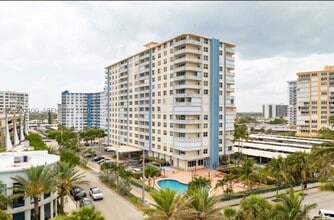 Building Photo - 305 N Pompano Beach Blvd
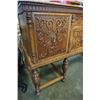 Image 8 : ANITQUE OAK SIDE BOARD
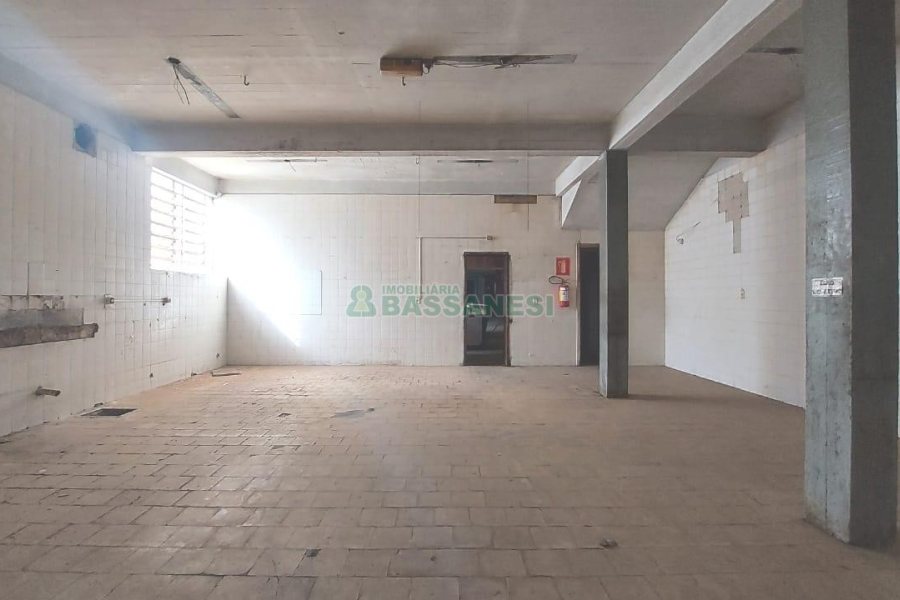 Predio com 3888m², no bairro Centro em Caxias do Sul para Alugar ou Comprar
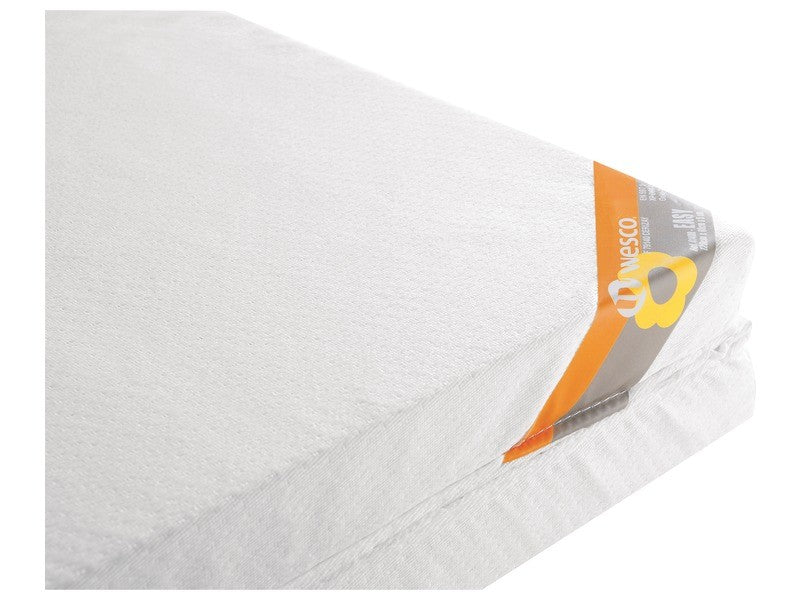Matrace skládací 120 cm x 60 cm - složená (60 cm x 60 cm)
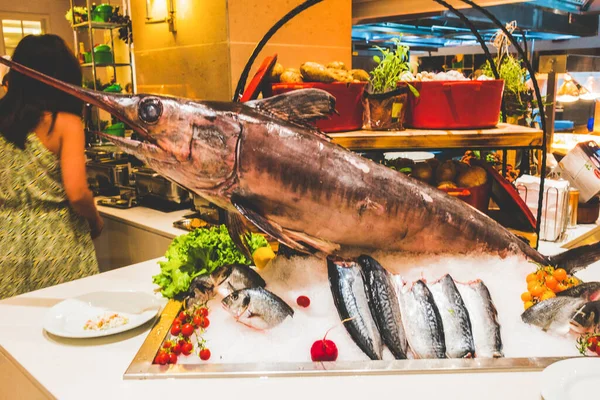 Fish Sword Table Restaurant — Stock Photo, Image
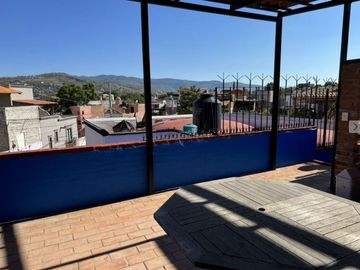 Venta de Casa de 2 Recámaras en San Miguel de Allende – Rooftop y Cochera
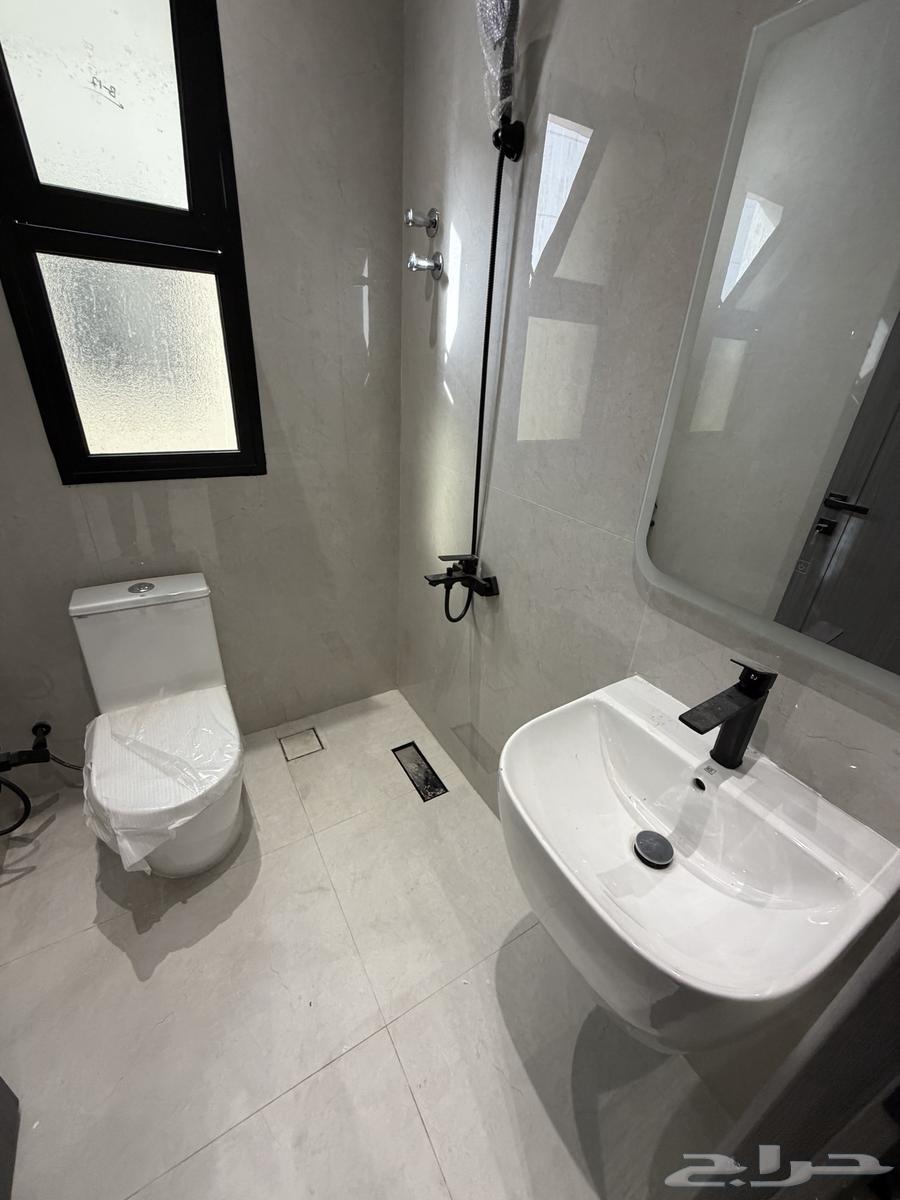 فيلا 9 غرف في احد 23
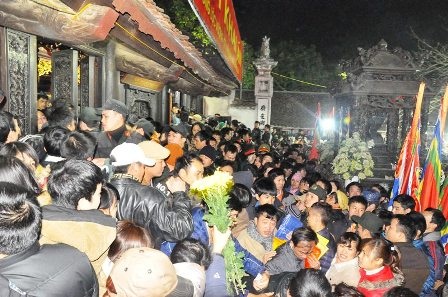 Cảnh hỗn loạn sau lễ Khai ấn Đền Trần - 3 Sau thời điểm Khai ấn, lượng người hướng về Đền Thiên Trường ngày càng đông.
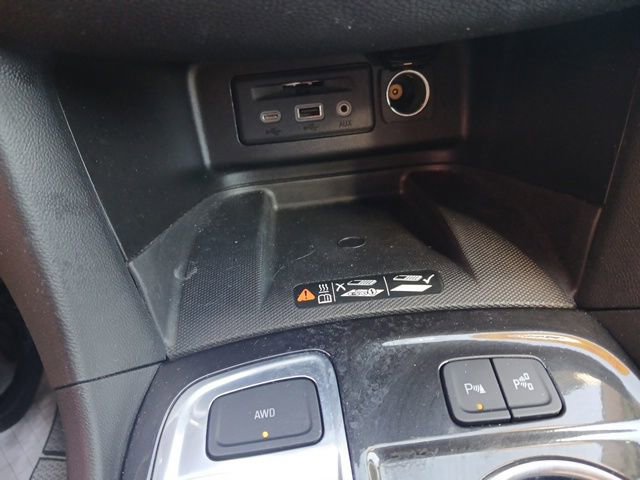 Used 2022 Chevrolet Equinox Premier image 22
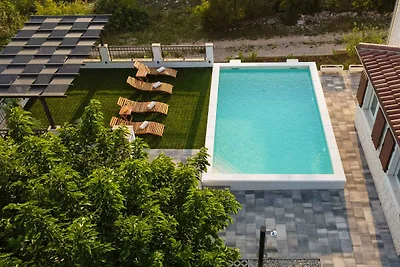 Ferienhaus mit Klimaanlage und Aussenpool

• WORK TO COMPLETE: Copy nothing but the lines above from the one with "فيلا 9 غرف في احد 23" through the end of the material, word for word, and drop the pictures.

• RESPONSE AREA:
 فيلا 9 غرف في احد 23
 Cảnh hỗn loạn sau lễ Khai ấn Đền Trần - 3 Sau thời điểm Khai ấn, lượng người hướng về Đền Thiên Trường ngày càng đông.
 Used 2022 Chevrolet Equinox Premier image 22
 Ferienhaus mit Klimaanlage und Aussenpool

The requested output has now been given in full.